Lejos de las propuestas románticas que proponen que todo pasado fue mejor, pensar a la Ciudad conviviendo con saberes cercanos a los rurales, allí donde ello sea posible, con proyectos comunitarios que permitan ver crecer un tomate, festejar el crecimiento de un morrón o una planta de lechuga, nos acerca a la idea de que todavía la tierra tiene mucho para darnos y que es necesario cuidarla. Claro que ello podría confundirse con meros objetivos educativos. Por el contrario, plantear un colectivo capaz de organizarse para llevar adelante una huerta o una compostera en un espacio público y sostenerla, nos acerca a un objetivo político, aquel que nos propone una Ciudad en la que no necesariamente el otro tiene que ser alguien a quien temer o a quien desconocer, sino que puede ser alguien que construya conmigo una idea de Ciudad distinta. Quizá por eso al Gobierno de la Ciudad no le gustó el proyecto de huerta desarrollada en la vereda por los vecinos del barrio de Chacarita y amenazó con quitarla. No pudo hacerlo porque los vecinos se opusieron. Ya se habían organizado para hacer la huerta, se organizaron para defenderla.

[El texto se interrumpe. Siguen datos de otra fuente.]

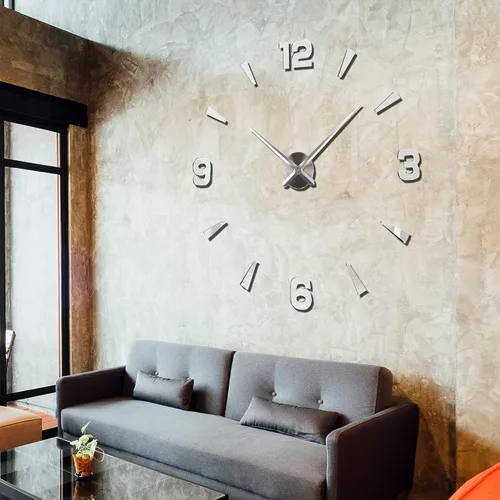 Vista 8 de Reloj de pared DIY, cronometrador analógico sin marco estilo 3D para el hogar, sala de estar, dormitorio, oficina, decoración moderna de la casa a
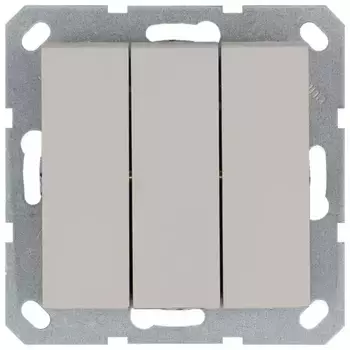 Выключатель трехклавишный 10A 250V с накладкой, цвет Тауп Jasmart G3031T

En varios espacios de la Ciudad, como en Plaza Irlanda, en Caballito o en parque Quinquela de La Boca, por mencionar solo algunos, los vecinos se organizan en mesas de trabajo y proyectan sus huertas. Se comunican entre las huertas, intercambian semillas y plantines, se desarrollan prácticas colaborativas, imaginan una Ciudad en la cual lo verde no sea un mero slogan.

¿Será que una Ciudad que conviva con la idea de pequeños espacios naturales con posibilidad de ampliarse es posible? ¿Dónde están esos espacios? ¿en el patio, en el balcón, en la vereda, o quizá en lo público, en el parque, en la plazoleta, en el boulevard?

Hoy sabemos que fue necesario denigrar la figura del campesino para que el campo pueda ser un negocio para pocos, para que la industria pueda tener mano de obra disponible, para generar consumidores a grandes escalas. Quizá sea momento de imaginarnos labradores, trabajadores de la tierra, acá mismo, en la Ciudad de Buenos Aires, ese ecosistema que integramos y que quizá, también puede llegar a ser más acogedor, más saludable, más placentero si empezamos a planificarlo con más pasto, con mas huertas comunitarias y con menos cemento.